Keywords

1 Introduction

Most neural machine translation (NMT) [1, 2] models are sequentially autoregressive models (AT) such as RNNs, Transformer [3] which have state-of-the-art performance. The training process of Transformer is parallel, but in decoding phase, it exploit the generated sequence to predict the current target word which will cause severe decoding delay. In recent years, non-autoregressive neural machine translation model (NAT) [4] is proposed to effectively speed up the decoding process which exploits Knowledge Distillation [5] and fine-tuning to assist training. Subsequently, there are some novel-innovative improvements based on the NAT model, such as the work of regulating the similarity of hidden layer states by two auxiliary regularization terms [6], the model reconstruct generative translation through iterative refinement [7] and Ghazvininejad put forward to partially mask target translation through the conditional masked language model [8].

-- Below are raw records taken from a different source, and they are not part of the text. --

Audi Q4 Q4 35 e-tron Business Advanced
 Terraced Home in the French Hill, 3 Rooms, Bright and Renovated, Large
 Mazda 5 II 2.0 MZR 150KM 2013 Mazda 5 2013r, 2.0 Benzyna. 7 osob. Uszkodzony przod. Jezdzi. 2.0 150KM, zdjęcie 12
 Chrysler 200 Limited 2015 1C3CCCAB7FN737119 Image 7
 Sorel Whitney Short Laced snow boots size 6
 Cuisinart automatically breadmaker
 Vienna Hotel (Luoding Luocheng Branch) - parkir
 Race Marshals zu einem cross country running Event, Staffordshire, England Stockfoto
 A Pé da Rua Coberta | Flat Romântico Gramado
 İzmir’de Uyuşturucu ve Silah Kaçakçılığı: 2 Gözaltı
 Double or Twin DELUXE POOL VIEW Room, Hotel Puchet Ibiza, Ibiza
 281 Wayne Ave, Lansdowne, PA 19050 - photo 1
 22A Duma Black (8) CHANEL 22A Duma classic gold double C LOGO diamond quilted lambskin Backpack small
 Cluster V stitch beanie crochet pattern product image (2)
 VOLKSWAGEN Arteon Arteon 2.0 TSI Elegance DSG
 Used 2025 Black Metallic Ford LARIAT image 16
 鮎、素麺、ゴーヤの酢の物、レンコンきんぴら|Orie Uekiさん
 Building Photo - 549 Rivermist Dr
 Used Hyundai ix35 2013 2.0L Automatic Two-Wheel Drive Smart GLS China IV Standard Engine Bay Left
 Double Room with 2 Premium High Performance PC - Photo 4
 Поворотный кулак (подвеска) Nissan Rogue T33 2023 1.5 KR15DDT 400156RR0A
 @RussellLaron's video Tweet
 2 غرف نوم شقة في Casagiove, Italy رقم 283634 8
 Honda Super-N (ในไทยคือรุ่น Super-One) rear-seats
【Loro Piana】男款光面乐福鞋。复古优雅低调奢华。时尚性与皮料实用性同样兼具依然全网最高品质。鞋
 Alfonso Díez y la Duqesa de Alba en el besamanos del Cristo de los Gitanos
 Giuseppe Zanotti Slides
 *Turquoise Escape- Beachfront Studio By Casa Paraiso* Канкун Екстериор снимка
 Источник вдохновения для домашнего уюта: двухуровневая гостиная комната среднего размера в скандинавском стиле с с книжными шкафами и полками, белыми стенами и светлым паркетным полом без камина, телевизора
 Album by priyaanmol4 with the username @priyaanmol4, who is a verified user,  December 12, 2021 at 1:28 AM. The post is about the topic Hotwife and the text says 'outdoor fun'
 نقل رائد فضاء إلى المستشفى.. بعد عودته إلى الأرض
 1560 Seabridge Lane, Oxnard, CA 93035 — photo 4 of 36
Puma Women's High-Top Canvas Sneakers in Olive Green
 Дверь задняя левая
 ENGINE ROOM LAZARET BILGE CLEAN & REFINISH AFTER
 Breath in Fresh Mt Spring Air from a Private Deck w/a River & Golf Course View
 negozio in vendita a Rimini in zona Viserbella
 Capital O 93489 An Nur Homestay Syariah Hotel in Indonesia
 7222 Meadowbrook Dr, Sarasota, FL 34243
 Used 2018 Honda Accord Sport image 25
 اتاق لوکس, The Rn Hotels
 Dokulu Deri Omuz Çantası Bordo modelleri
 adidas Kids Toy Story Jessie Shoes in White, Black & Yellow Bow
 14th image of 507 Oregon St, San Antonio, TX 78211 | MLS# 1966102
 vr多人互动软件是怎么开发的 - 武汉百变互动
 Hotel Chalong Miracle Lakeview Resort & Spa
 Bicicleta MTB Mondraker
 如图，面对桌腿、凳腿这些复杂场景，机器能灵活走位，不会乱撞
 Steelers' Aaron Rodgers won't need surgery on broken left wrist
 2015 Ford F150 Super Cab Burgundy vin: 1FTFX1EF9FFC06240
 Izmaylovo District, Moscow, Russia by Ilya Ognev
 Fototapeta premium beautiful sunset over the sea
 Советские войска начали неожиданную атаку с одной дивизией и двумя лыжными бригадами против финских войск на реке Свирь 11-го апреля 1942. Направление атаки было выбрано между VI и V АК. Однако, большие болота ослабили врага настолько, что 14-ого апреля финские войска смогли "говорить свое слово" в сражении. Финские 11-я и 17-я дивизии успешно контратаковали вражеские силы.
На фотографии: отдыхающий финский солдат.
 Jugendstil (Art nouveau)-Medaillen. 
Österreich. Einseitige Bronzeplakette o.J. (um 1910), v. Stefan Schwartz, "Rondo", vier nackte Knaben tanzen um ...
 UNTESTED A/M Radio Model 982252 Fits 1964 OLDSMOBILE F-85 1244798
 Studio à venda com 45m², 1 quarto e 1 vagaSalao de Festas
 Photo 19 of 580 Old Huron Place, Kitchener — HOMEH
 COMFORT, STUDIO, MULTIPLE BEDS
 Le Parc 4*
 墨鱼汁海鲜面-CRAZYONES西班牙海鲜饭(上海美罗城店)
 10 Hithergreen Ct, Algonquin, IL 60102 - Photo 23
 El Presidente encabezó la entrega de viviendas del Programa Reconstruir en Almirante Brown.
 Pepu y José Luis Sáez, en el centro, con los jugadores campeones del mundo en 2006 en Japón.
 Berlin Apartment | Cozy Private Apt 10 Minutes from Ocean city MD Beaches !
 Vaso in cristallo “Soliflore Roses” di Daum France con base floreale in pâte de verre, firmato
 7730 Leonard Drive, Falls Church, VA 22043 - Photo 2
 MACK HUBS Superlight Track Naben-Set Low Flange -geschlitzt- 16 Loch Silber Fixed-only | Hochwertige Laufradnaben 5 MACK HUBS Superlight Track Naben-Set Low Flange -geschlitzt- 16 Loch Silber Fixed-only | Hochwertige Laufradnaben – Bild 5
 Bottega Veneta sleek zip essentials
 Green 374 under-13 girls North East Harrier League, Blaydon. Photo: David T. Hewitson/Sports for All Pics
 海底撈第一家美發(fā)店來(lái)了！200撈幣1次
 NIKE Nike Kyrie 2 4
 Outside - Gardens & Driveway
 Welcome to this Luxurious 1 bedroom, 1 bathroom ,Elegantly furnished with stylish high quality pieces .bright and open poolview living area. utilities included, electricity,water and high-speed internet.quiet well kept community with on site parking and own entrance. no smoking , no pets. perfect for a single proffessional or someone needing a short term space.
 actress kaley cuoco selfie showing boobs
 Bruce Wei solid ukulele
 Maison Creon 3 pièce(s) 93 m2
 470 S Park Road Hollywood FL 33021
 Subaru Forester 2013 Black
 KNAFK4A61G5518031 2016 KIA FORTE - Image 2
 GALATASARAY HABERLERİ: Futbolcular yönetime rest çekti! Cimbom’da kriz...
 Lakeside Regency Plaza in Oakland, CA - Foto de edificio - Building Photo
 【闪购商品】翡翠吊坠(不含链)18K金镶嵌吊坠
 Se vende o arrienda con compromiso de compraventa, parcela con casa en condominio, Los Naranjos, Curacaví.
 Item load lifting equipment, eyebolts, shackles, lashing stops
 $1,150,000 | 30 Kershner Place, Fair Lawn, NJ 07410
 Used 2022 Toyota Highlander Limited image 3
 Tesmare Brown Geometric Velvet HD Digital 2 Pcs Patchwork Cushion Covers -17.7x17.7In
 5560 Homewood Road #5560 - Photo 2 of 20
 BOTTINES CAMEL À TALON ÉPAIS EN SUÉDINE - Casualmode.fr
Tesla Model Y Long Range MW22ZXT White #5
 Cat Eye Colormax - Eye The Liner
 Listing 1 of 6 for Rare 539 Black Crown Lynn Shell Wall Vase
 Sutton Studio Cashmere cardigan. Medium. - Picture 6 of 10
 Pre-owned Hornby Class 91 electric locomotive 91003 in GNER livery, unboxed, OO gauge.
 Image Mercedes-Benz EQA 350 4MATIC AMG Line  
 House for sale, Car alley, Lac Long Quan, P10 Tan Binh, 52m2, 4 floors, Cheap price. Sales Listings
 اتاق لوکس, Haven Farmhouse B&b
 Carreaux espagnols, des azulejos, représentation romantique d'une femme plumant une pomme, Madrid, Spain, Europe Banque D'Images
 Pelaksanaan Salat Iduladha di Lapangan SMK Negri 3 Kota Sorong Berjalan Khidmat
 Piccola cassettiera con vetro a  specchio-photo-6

In this work, we propose to utilize the Capsule Network [9] in the architecture which has a significant impact on extracting more deeply positional features and making the generated translation more advantageous in word order. Besides, we adopt the word-level error correction method to reconstruct the generated sentence which can alleviate the translation problems. Experiments show that our model is superior to the previous NAT models. On the WMT14 De-En task, the addition of the capsule network layers increases the BLEU score by more than 6. More significantly, our word-level error correction method brings 1.88 BLEU scores improvement. We also perform case study on WMT14 En-De and ablation study on IWSLT16 to verify the effectiveness of the proposed methods.

2 Background

2.1 Non-autoregressive Neural Machine Translation

Under the condition of given source sentence \(S=(s_1,...,s_K)\) and target sentence \(T=(t_1,...,t_L)\), the autoregressive model utilizes a sequential manner to predict the current word which will bring a certain degree of delay. Non-autoregressive neural machine translation model (NAT) [4] is proposed to improve the decoding speed which only predicts based on the source sequence and the target sequence length \(L_y\) predicted in advance:

$$\begin{aligned} P_{NAT}(T|S;\theta )=P(L_y|S;\theta )\cdot \prod _{l}^{L_y}P(t_l|S;\theta ) \end{aligned}$$
(1)

where \(\theta \) is a series of model parameters.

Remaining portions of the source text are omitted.